Our little business is woman owned.  I am privileged that I am able to do a job that I love. There is hard work, dedication and love all intertwined on this farm.  This season we're able to build a team of employees who are also passionate about this work.  When you buy our flowers, you are letting us follow our passion and grow as people.  For this we are so grateful!

So when you think flowers, may it be for your upcoming wedding, for a weekly pick me up, or for a holiday gift, please think about Tierra Blooms!  You will not only be getting a bundle of lovely, you will be supporting so much more!

Awesome anemones coming at ya for Valentines!!

Awesome anemones coming at ya for Valentines!!

How to get our flowers:

Flower CSA – If you are a weekly or semi weekly flower buyer, the Community Supported Agriculture (CSA) Bouquet Share is for you!  Community Supported Agriculture programs are just that, a community that supports a farm.  Last year we had about 30 CSA Members.  Members pay before the season starts for farm product distributed through the growing season.  In our case, members receive a large market bouquet every week (whole share) or every other week (half share) for 16 weeks from June – September.   This is great if you frequently buy flowers or you want to have more flowers in your life!  It also makes a wonderful gift. 

Valentines Special!  If you buy a Whole or Half CSA share before February 14th, we will give you a free Sweet Little Bouquet on Valentine’s Day!  If the share is a present, we’ll also include a card describing your most unique and thoughtful gift.

Valentines Day Flowers - This Valentine’s Day we are offering flowers that were grown by our colleagues here on the East Coast, who have heated greenhouses!  We aspire to heating greenhouse space to grow flowers in the winter, but we’re not quite there yet.  For now we will patronize our other local growers who have mastered this not so easy task.

Valentine’s Day Ordering – How it works

Pre-order online to reserve your flowers for pick up at Jeannie Bird Baking Company on 2/14/18 from 11 am - 1 pm.  The Bakery will have a special V day menu if you also want to pick up a sumptuous sweet to knock it out of the ballpark.

The Big Love Bundle will include 30 stems of very special flowers, including anemones, tulips, stock, snapdragons, and beautiful foliage.  Flower colors will be pastels and they will be double wrapped in a beautiful paper flower cone.

The Sweet Little Bouquet will include 15 stems of specialty flowers, including anemone, tulips, stock, snapdragons and beautiful foliage.  Pastel colors & double wrapped in a beautiful paper cone.

As our official season opening draws closer in April, we'll touch base on some other places to get our flowers!  Stay warm, think spring, and savor all the seasons!

Ranunculus - A Favorite (Or: Do You Like Butter?)
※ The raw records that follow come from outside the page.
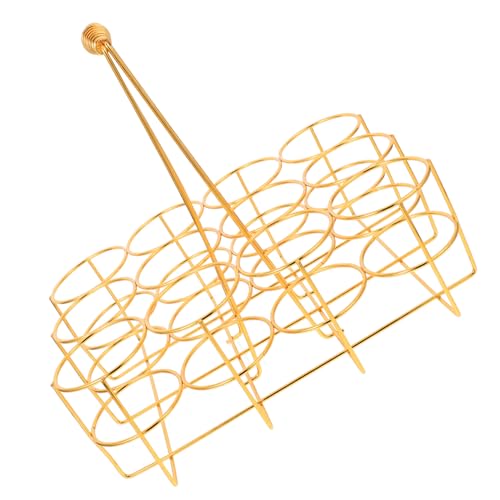 LALADEFIEE Beer Basket for Bottles Iron Beer Holder 12 Bottles Storage Ktv Bar Nightclub Tool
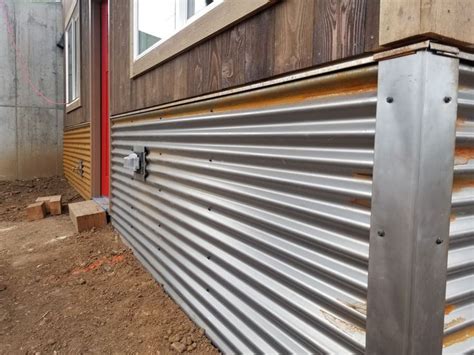 corrugated metal for house skirting|corrugated metal mobile home skirting.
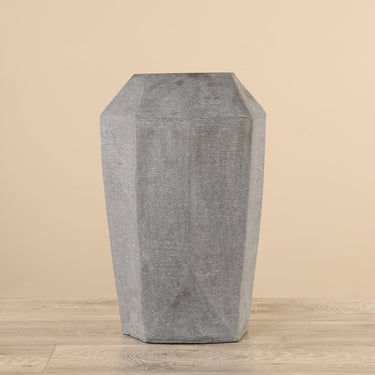 Glass Decor-Geomtrical Cut Vase-Bloomr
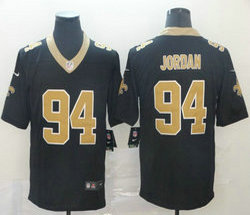 Nike New Orleans Saints #94 Cameron Jordan Black Vapor Untouchable Limited Authentic Stitched NFL Jersey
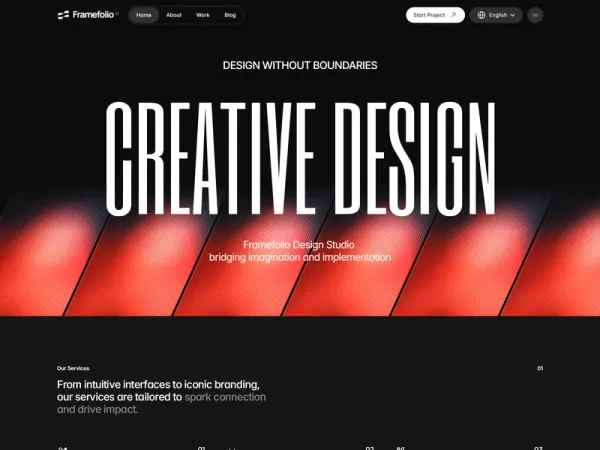 Framefolio Studio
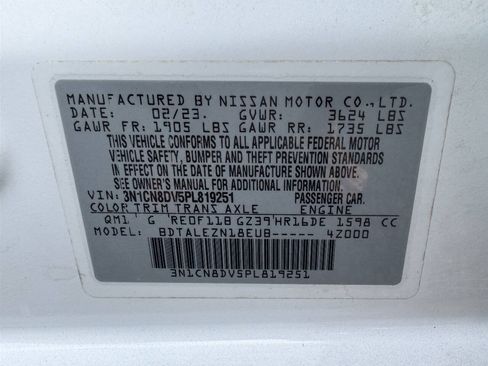 Used 2023 Nissan Versa S FWD image 27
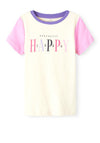 Name It Kid Girl Vilea Short Sleeve Tee, Buttercream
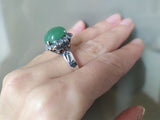 Silver 925 Earrings Ring jewelry jade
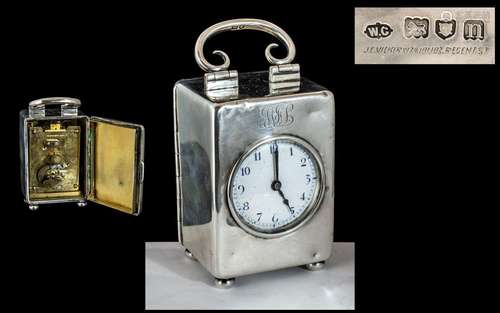 Edwardian Period Excellent Quality Sterling Silver Cased Sma...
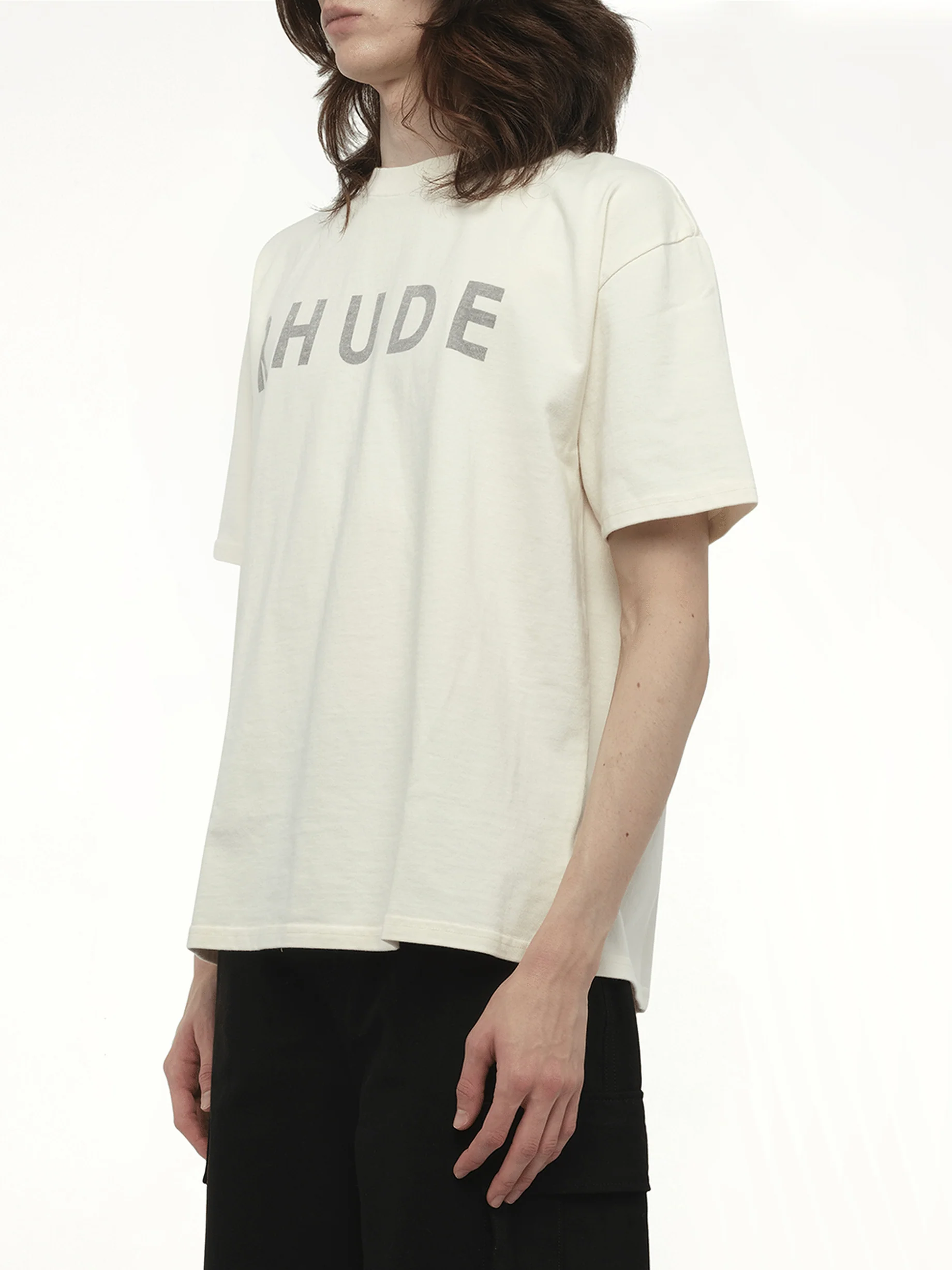 Distressed Logo T-Shirt in Vintage White - Image 5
Ranunculus is a favorite of mine.  This will be my 3rd year growing this fluffy, many-petaled flower.   What’s to love?  It’s one of the first flowers to bloom that we cultivate, shining bright in April.  It is big, fluffy, and colorful; beautiful when petals are tight, but even better when blown open, black center showing.  It has an amazing vase life, upwards of 2 weeks.

IMG_0507.jpg

These are the obvious reasons to love it.  But did you know that the genus ranunculus includes the common buttercup?  The big, blousy cultivated varieties are Ranunculus asiaticus, but the old, run-of-the mill yellow buttercups found wild in fields here in the mid Atlantic are also ranunculus, Ranunculus acris.  There are 500 species of ranunculus, but isn’t it fascinating that the cut flower beauty is related to the buttercup?

IMG_0463.jpg

Another reason that I love it is that (like most of flower farming) there is an irony in cultivating its beauty.  It’s grown by a most ugly corm that we acquire dried, shriveled, and brown.  We soak it until it gets plump and fat and then sprout it in a dark basement until green emerges.  All of this brown, cold, ugliness to produce a most exquisite bloom.  There is a lot of not so beautiful that one would not expect as we tread through a year on a flower farm and this process of growing ranunculus encapsulates the grit involved in growing flowers overall (I know, hard to believe, right?).

This year we will have ranunculus in April if all goes well.  We’ll fight the voles to keep the fleshy corms in tact under our greenhouse soil, and if it goes according to plan we’ll have buckets of the most gorgeous blooms come spring.  I really can’t wait.

Photo credit:  Mary Brunst Photography

Photo credit:  Mary Brunst Photography

Until Spring!  xoxo  ~Jackie

Josie & Frank's Labor Day Wedding

As we are weathering this frigid cold I have some time to focus on last season's wonderful weddings.  Josie and Frank were married on Labor Day Weekend, when dahlias were plentiful and temperatures were warm!  I love the pure white flowers and dusty greenery.  It was a pleasure to work with this family who were very committed to using local flowers!

Bridesmaid Bouquet with Dahlia, Hydrangea, Eucalyptus and Dusty Miller.  Photo credit: Magnality Photography

Bridesmaid Bouquet with Dahlia, Hydrangea, Eucalyptus and Dusty Miller.  Photo credit: Magnality Photography

Isn't this bridal party the cutest?  I love the dress color!  Photo credit:  magnality photography

Isn't this bridal party the cutest?  I love the dress color!  Photo credit:  magnality photography

Josie's bouquet was full of lots of beautiful local and natural elements.  Photo credit: Magnality photography

Josie's bouquet was full of lots of beautiful local and natural elements.  Photo credit: Magnality photography

We are busy planning for next season's weddings, farm plans, and more!  I look forward to keeping the blog updated in 2018 so that you can follow along.  It's gonna be a great year!

 

This week on the farm

This last week of December brings us some seriously fluctuating weather.  Yesterday was 70 degrees, a record high, and today is 45 and raining.  It has been disturbingly mild, save for a short cold spell in November.  It was enough of a chill period to send the buds on the trees into dormancy, and this warm snap was enough to trigger them to break bud.  Driving down the street in Westminster today we saw pink cherry blossoms flourishing in the chilly mist.  This is not good news for the fruit farmers.  I also wonder what it means for us with all the bulbs that we planted.  I have a feeling we should be fine, as it looks like winter is here now, or at least coming in the next week.

On the farm in yesterday's mild weather I was able to get out and finish up some planting that was lingering.  Some Austin Roses and a few straggler Peonies went in outside and I continue to plug away with the Anemone planting in the greenhouse.  Now it's time to buckle down with seed inventorying, ordering and planning for the new year to come.

We've certainly been enjoying a restful holiday break, too.  Visiting family and friends and spending time with the kids have been highlights.  I hope you had a wonderful holiday and a have a very healthy and happy New Year!

This week on the farm

Things have slowed down rapidly this Thanksgiving week.  We've been working hard to get all the fall planting done and are finally feeling mostly finished.  The list was long of what went in the ground over the past month.  We've been focusing on adding a lot of perennials to our gardens which will produce flowers for many years, without having to replant.  We have also planted thousands of bulbs and corms; tulips, ranunculus, and anemone among them.  Dahlias are lifted and tucked into our root cellar.  There are still a few more loose ends to tie, but it's all feeling a bit more doable now.  Coming down from this whirlwind of a season, I am so grateful for this little bit of downtime!